**YOUR ASSIGNMENT**.
Type the data below again exactly. Omit all pictures.
[[ PROVIDED DATA, beginning ]]
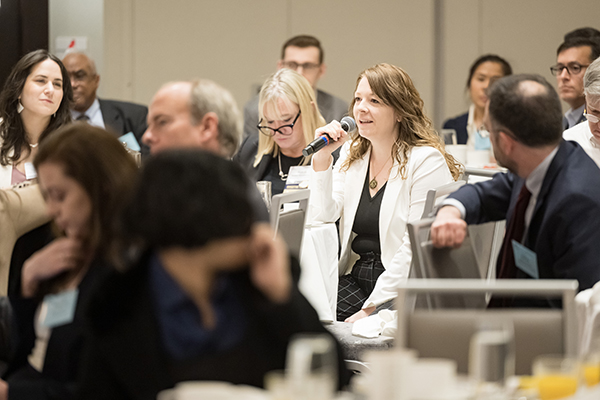 A woman surrounded by others asking a question while holding a microphone at a conference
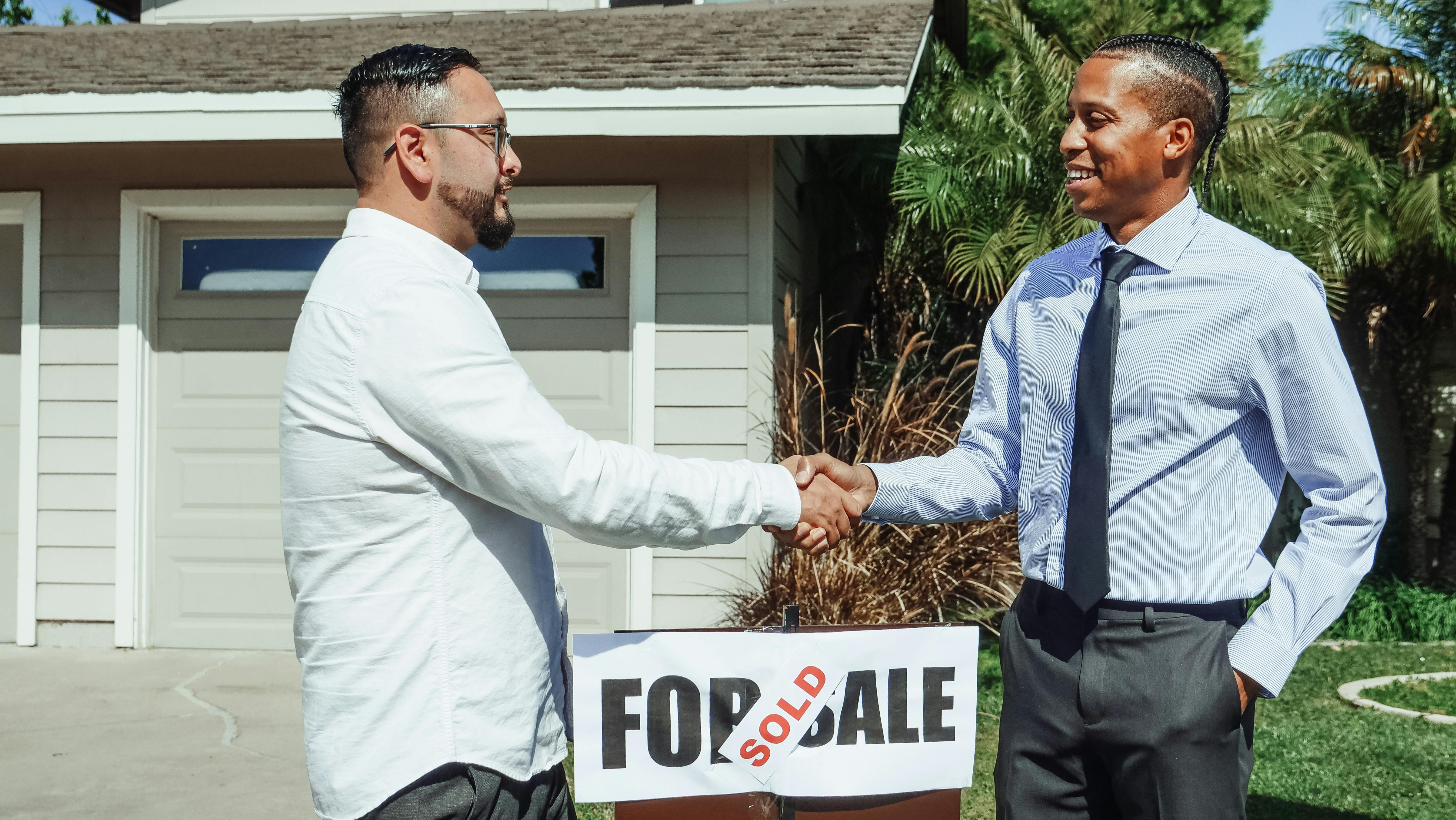 Two men shaking hands in front of sold sign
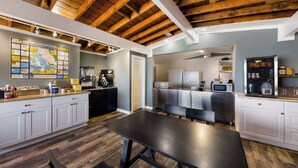 A modern kitchen with wooden beams, a large map, and a dining area with a table and chairs. - Comfort Inn near Hearst Castle - Cambria (San Simeon)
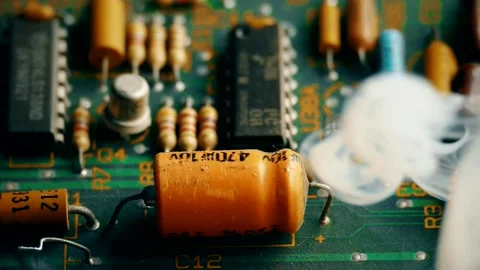 Exploded and damaged capacitor on a circuit board emitting smoke. Video stock 320711249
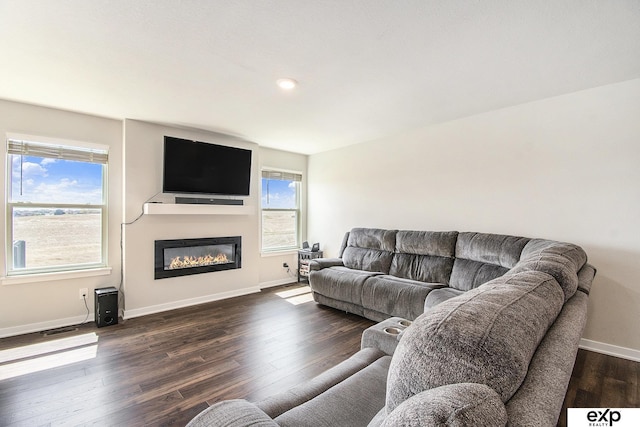 living room featuring visible vents, baseboards, recessed lighting, dark wood-type flooring, and a glass covered fireplace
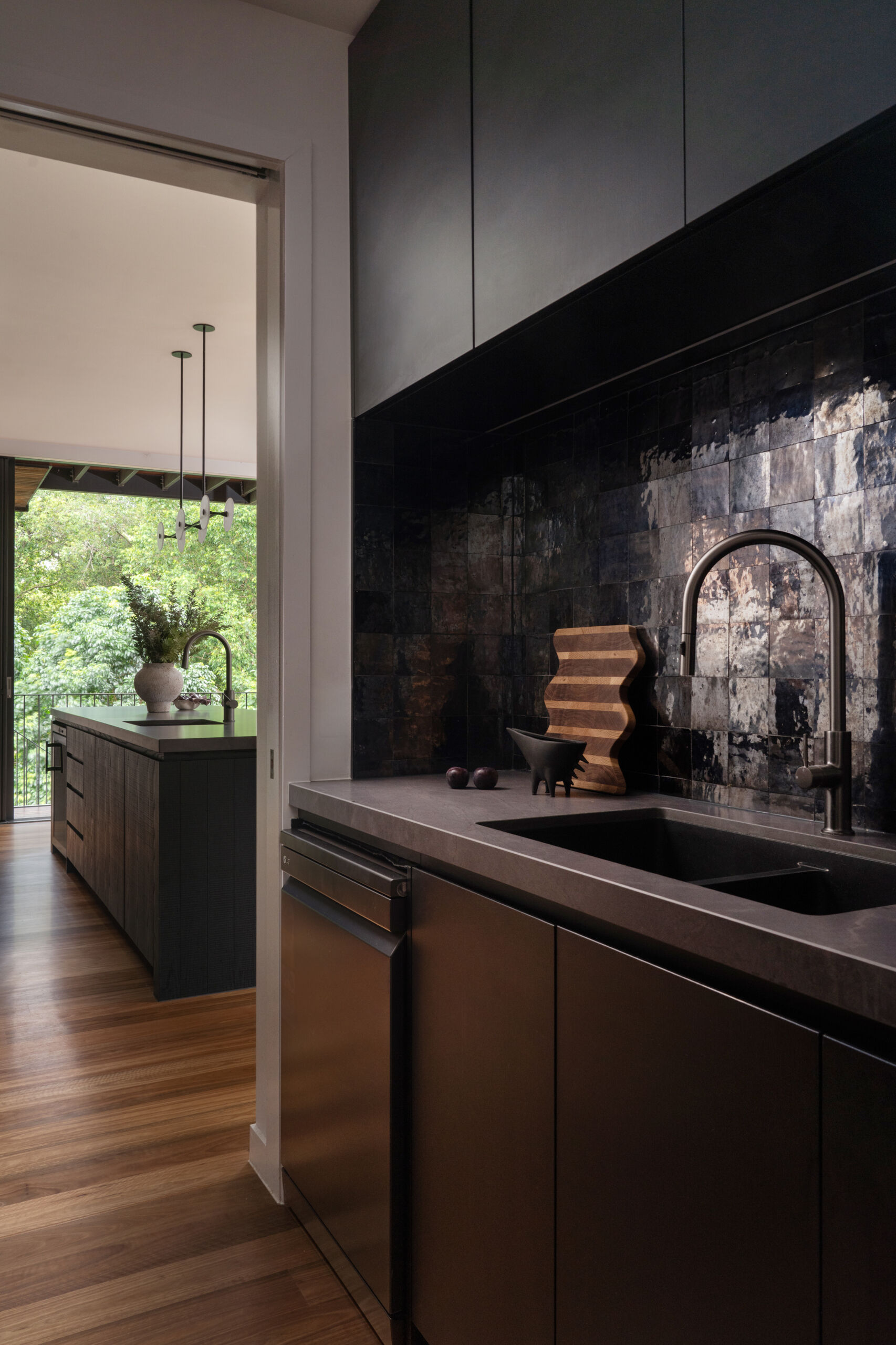 A moody, textured kitchen with custom timber joinery, handmade tiles, and a statement island, paired with a discreet butler’s pantry for effortless entertaining.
[[ PROVIDED DATA, end ]]
**YOUR SOLUTION**.
 A woman surrounded by others asking a question while holding a microphone at a conference
 Two men shaking hands in front of sold sign
 A modern kitchen with wooden beams, a large map, and a dining area with a table and chairs. - Comfort Inn near Hearst Castle - Cambria (San Simeon)
 Exploded and damaged capacitor on a circuit board emitting smoke. Video stock 320711249
 living room featuring visible vents, baseboards, recessed lighting, dark wood-type flooring, and a glass covered fireplace
 A moody, textured kitchen with custom timber joinery, handmade tiles, and a statement island, paired with a discreet butler’s pantry for effortless entertaining.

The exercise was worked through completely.